Here's how the algorithm would work step-by-step:

  1. Start by looking at the first number in each list.
  2. Find the smallest number among all the 'first' numbers.
  3. If all the 'first' numbers are the same, you've found a number that's in all lists. This is your answer. If not, proceed to the next step.
  4. If they aren't all the same, find the list where the smallest number came from.
  5. Move to the next number in that particular list.
  6. Repeat steps 2-5 until you find a number that's the same in all lists, or until you run out of numbers in one of the lists. If you run out of numbers in a list, it means there's no common number.

Code Implementation

def find_smallest_common_element(matrix):
    row_count = len(matrix)
    column_count = len(matrix[0])
    element_counts = {}

    for row in matrix:
        for element in row:
            if element in element_counts:
                element_counts[element] += 1
            else:
                element_counts[element] = 1

    common_elements = []

    # Find numbers that appear in every row
    for element, count in element_counts.items():
        if count == row_count:
            common_elements.append(element)
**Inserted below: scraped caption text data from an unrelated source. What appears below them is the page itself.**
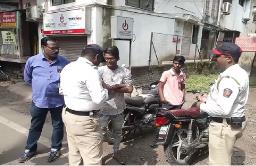 सांगली शहर पोलिसांकडून रोडरोमियोंवर कारवाई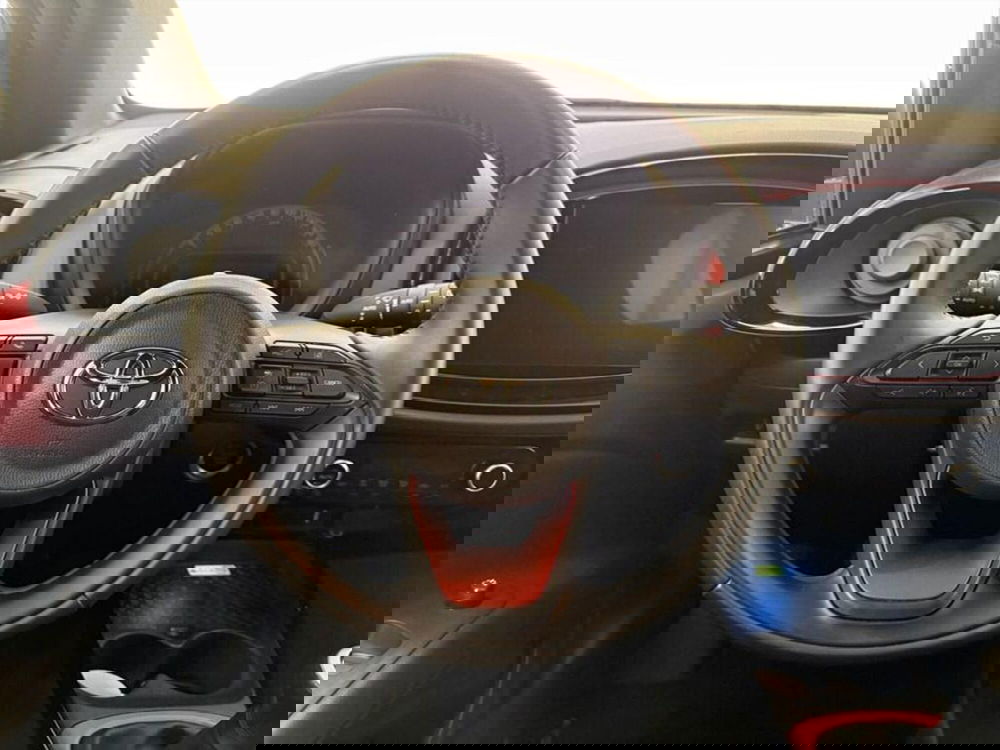 Toyota Aygo X usata a Monza e Brianza (7)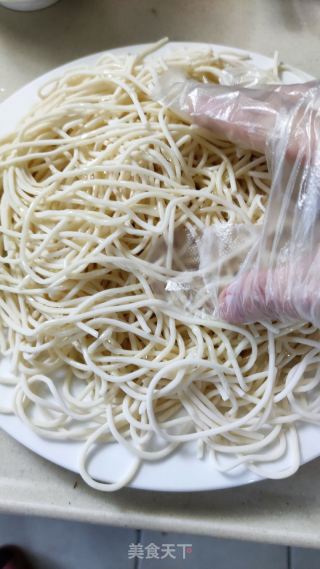 豆角焖面的做法步骤：3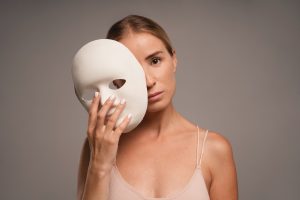 6 signos que escondem algo sobre sua personalidade e quase ninguém percebe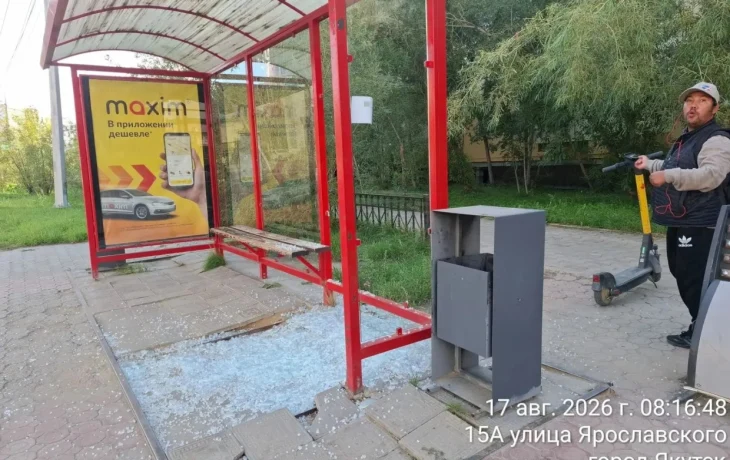 В Якутске пьяная девушка разбила стеклянную стенку остановки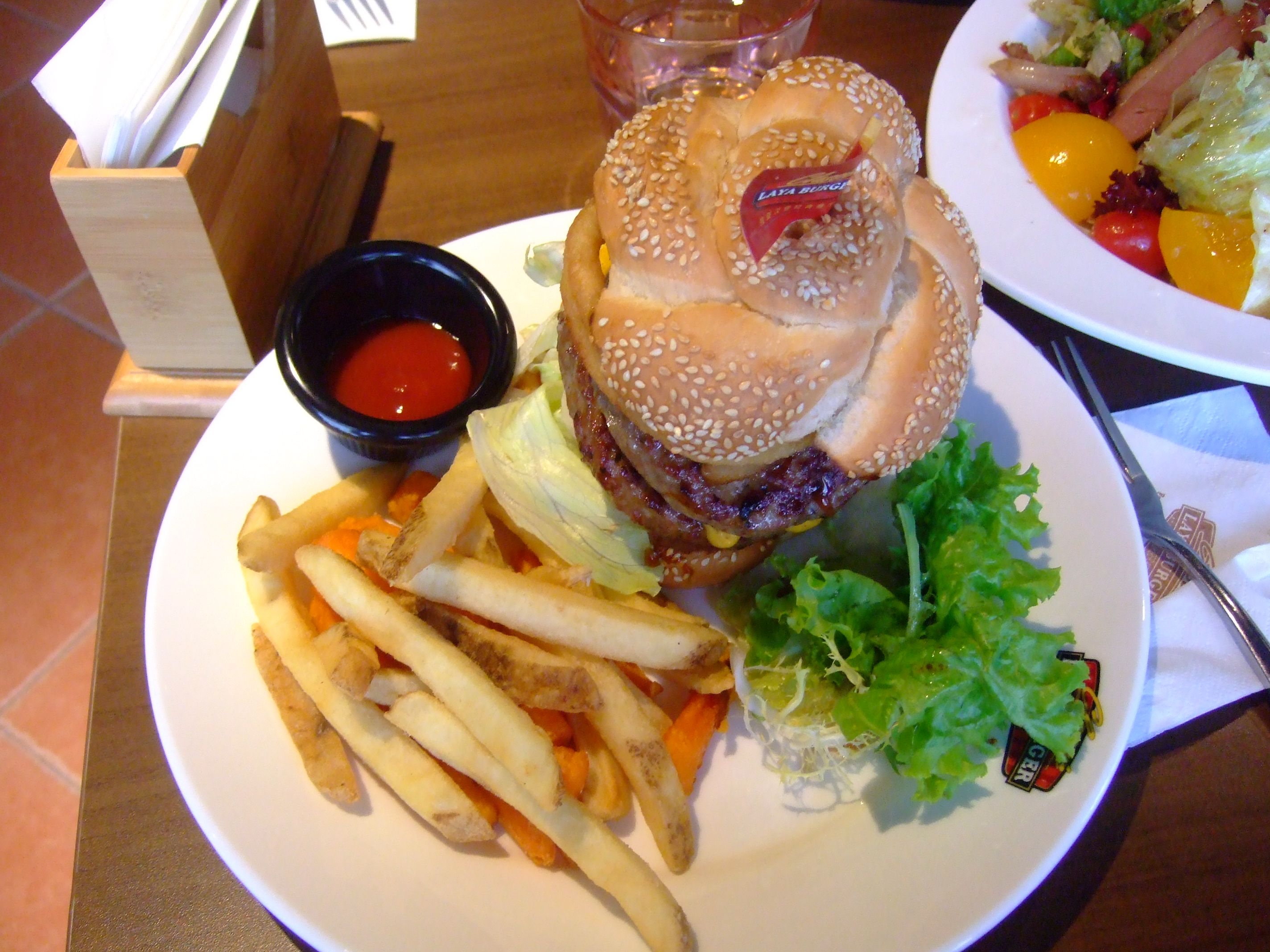 FB体育网页版-汉堡队在比赛中大获全胜，实力不容小觑！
    #Check if there are any common elements
    if not common_elements:
        return -1

    #If there are common elements, find the smallest
    smallest_element = common_elements[0]

    for element in common_elements:
        if element < smallest_element:
            smallest_element = element

    return smallest_element

Big(O) Analysis

Time Complexity
O(m*n)Let n be the length of the shortest list, and m be the number of lists. In the worst-case scenario, we might have to iterate through each element of the shortest list. For each element in the shortest list, we potentially compare it against the current 'first' element of the other m-1 lists. Therefore, the dominant operation is comparing elements across the lists and incrementing the pointer of the list with the smallest value until a common element is found or a list is exhausted. The total number of comparisons and increments can be approximated as m*n, leading to a time complexity of O(m*n).
Space Complexity
O(1)The algorithm uses a fixed number of index variables, one for each list, to track the current element being considered in each row. Regardless of the number of rows or the size of each row, the number of index variables remains constant. No additional data structures like hash maps or auxiliary arrays are used to store intermediate results. Therefore, the auxiliary space complexity is O(1), indicating constant space.

Edge Cases

Empty matrix (mat is null or has zero rows)
How to Handle:
Return -1 immediately since there are no rows to find a common element in.
Matrix with an empty row (one of mat[i] is null or empty)
How to Handle:
Return -1 immediately if any row is empty, as no common element can exist across all rows.
Matrix with a single row
How to Handle:
Return the first element of the single row if it exists or -1 if the row is empty.
Matrix with all rows containing the same element at the beginning
How to Handle:
The algorithm should correctly identify that element as the smallest common element.
Matrix with duplicate elements within the same row
How to Handle:
The algorithm should handle duplicates within rows without incorrectly reporting the smallest common element.
No common element exists across all rows
How to Handle:
The algorithm should correctly identify that there is no common element and return -1.
Integer overflow with extremely large numbers in the matrix
How to Handle:
Consider using a data type with a larger range (e.g., long) if integer overflow is a concern, or check for overflow during comparisons.
Matrix with very large dimensions (large number of rows and columns)
How to Handle:
Ensure the algorithm's time complexity remains reasonable to prevent timeouts; prefer an algorithm with a near-linear time complexity if possible, such as using pointers to track the smallest element in each row.